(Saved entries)
+--

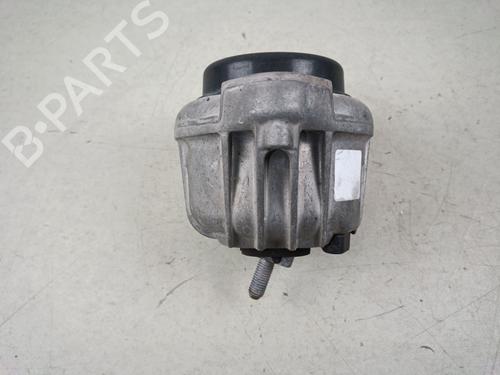 engine-mount-bmw-1-e87-2003-2004-2005-2006-2007-2008-2009-2010-2011-2012-2013-38699575 main image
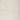 Bianco Perlino Marble Honed Slab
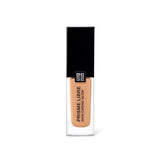 Givenchy Prisme Libre Skin-Caring Glow Foundation - W245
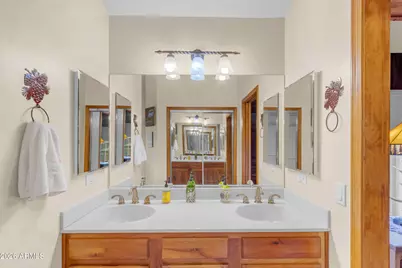4275 N Strawberry Hollow, Pine, AZ 85544 - Photo 46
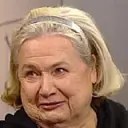 Anja Pohjola Screenshot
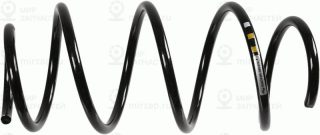 Пружина ходовой части SACHS 993679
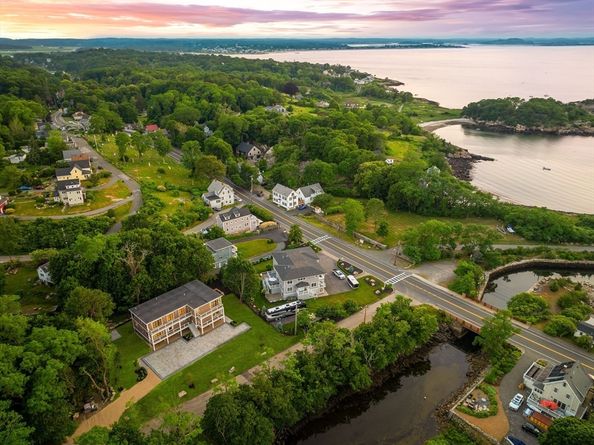 3 Colburn St 2, Gloucester MA 01930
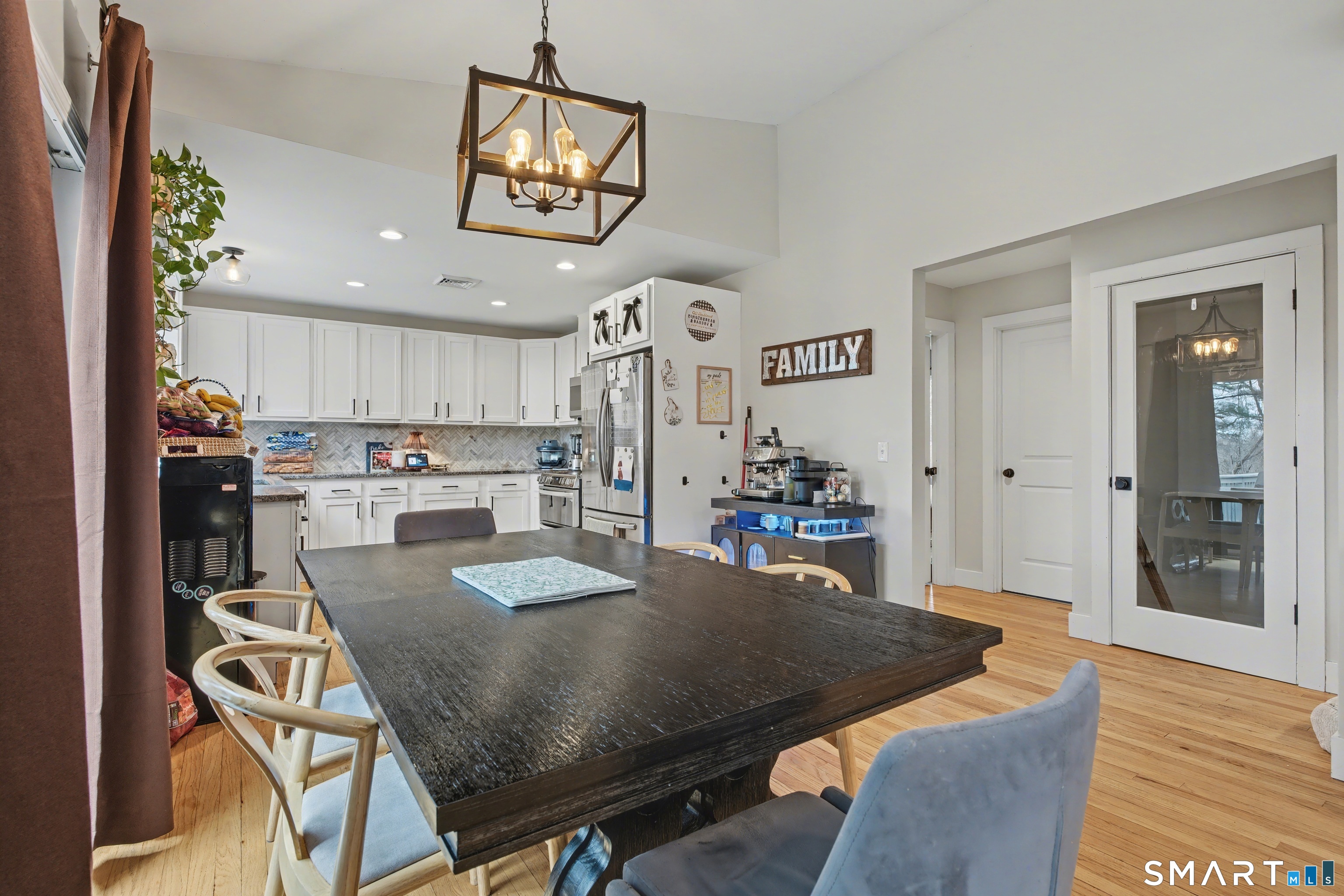 18 Caulkins Road Norwich CT 06360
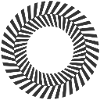 Hypnosis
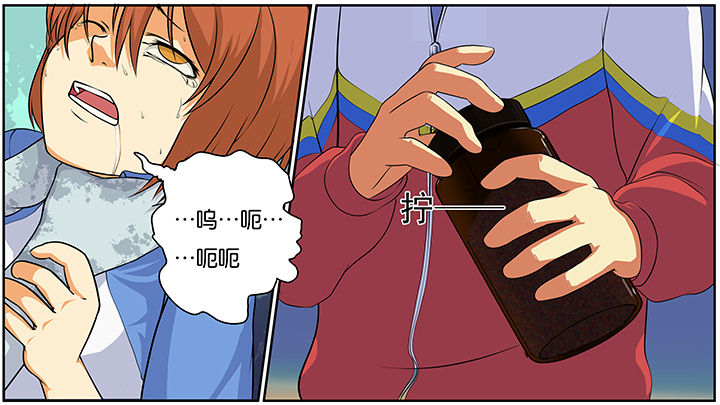 第8章：6
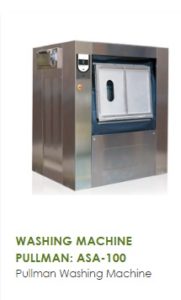 jual mesin cuci laundry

+--

## [What needs to be done]
Output each record above exactly as it stands, excluding all pictures.

## [Expected answer]
 engine-mount-bmw-1-e87-2003-2004-2005-2006-2007-2008-2009-2010-2011-2012-2013-38699575 main image
 Bianco Perlino Marble Honed Slab
 Givenchy Prisme Libre Skin-Caring Glow Foundation - W245
4275 N Strawberry Hollow, Pine, AZ 85544 - Photo 46
 Anja Pohjola Screenshot
 Пружина ходовой части SACHS 993679
 3 Colburn St 2, Gloucester MA 01930
 18 Caulkins Road Norwich CT 06360
 Hypnosis
 第8章：6
 jual mesin cuci laundry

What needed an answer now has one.